TransWikia.com

Cosine Similarity Intuition

Cross Validated Asked by ccb on January 6, 2021

I understand what cosine similarity is and how to calculate it, specifically in the context of text mining (i.e. comparing tf-idf document vectors to find similar documents). What I’m looking for is some better intuition for interpreting the results/similarity scores I come up with.

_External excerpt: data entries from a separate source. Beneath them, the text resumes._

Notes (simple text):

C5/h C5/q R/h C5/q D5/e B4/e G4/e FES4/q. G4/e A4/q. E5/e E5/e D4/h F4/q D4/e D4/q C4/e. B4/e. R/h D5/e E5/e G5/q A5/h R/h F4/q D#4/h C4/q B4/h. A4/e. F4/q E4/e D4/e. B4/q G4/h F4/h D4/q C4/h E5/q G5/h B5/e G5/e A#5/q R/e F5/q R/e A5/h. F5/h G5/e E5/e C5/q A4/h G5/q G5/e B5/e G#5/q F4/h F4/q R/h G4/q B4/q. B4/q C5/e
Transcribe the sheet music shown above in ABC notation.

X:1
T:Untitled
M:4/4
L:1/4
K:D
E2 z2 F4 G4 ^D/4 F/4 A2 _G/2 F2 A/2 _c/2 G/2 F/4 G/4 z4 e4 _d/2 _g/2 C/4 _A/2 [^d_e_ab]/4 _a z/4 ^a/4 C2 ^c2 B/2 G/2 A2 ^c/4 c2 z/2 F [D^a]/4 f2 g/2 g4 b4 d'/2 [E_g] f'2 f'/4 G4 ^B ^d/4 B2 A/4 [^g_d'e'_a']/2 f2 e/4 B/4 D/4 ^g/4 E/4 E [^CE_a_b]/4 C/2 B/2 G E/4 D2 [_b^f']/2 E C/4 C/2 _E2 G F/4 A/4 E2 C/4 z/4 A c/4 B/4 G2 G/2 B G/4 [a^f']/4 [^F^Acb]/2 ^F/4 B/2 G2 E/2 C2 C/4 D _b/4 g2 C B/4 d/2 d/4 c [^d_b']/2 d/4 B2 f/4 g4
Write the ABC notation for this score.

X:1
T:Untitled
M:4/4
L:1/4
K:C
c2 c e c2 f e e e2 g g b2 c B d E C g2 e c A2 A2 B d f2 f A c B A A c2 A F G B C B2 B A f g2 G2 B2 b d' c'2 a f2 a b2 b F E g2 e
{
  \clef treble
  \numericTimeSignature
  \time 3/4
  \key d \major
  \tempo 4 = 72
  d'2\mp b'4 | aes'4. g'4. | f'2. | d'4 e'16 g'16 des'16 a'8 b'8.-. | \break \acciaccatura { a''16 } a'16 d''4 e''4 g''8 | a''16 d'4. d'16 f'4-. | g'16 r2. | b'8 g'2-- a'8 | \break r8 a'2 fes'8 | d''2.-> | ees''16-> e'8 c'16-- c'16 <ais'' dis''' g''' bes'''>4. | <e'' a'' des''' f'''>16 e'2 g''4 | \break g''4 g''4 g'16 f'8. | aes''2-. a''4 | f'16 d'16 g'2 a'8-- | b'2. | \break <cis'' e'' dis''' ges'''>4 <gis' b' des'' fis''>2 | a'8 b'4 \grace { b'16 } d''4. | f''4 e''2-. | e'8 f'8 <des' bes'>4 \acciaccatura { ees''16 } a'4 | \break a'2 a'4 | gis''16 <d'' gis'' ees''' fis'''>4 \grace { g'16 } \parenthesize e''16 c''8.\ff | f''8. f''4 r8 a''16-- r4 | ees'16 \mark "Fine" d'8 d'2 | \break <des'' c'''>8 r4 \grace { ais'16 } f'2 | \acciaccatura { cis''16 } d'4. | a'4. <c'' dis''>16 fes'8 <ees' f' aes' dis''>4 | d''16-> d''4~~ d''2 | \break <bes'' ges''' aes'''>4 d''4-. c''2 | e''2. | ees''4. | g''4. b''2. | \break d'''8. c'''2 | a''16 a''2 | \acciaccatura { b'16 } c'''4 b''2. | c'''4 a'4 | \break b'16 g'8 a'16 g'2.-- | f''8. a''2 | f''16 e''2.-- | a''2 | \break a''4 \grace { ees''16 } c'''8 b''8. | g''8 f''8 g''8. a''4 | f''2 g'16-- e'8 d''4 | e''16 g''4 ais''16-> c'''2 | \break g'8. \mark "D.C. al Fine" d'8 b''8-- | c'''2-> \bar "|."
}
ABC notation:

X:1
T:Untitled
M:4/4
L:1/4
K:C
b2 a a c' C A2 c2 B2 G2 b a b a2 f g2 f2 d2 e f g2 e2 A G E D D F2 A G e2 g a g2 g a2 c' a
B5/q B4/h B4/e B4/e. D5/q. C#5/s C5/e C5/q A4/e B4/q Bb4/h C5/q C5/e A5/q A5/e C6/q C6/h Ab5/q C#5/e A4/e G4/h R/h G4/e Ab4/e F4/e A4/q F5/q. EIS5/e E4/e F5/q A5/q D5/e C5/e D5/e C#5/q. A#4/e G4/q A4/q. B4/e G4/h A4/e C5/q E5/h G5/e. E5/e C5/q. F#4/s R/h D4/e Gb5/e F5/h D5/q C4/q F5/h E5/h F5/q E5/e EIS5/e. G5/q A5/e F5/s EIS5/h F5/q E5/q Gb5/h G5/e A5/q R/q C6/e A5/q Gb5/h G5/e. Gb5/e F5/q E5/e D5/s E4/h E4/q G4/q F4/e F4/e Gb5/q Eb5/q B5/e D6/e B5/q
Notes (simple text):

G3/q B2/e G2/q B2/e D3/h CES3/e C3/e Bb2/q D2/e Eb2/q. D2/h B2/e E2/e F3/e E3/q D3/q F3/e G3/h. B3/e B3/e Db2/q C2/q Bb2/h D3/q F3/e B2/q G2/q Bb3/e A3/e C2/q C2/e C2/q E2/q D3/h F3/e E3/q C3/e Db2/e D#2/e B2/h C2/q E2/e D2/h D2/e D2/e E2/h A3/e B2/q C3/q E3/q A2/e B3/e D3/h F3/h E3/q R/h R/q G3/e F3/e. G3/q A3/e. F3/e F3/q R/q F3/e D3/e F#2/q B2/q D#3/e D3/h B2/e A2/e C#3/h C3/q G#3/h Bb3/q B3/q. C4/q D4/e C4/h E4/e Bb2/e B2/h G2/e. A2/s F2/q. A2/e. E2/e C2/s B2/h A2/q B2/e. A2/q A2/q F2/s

My question: If I have a cosine similarity of less than 0.707 (i.e. an angle greater than 45 degrees), is is fair to say that those respective documents/vectors are more “different” (less “similar”) since the angle between them is more orthogonal? My initial thought was ‘yes,’ but in practice for me so far it doesn’t seem like that’s the right way to read into the numbers.

3 Answers

The answer mentioned here is correct. The measure of cosine distance as a measure of similarity only makes sense under some specific assumptions.

  1. That it is possible to represent multiple complex objects as commensurable entities.
  2. We can use quantitative methods to find qualitative answers. For example, we can measure the similarity using some numbers.

One can argue that these assumptions can be used as a guiding principle for a wide range of measures. Indeed they are. But cosine similarity is more popular because they match well with our spatial intuition and common sense. If you ask someone totally unrelated, to state the similarity of two documents between -1 and 1, then the answer would probably close to what cosine similarity would give as well.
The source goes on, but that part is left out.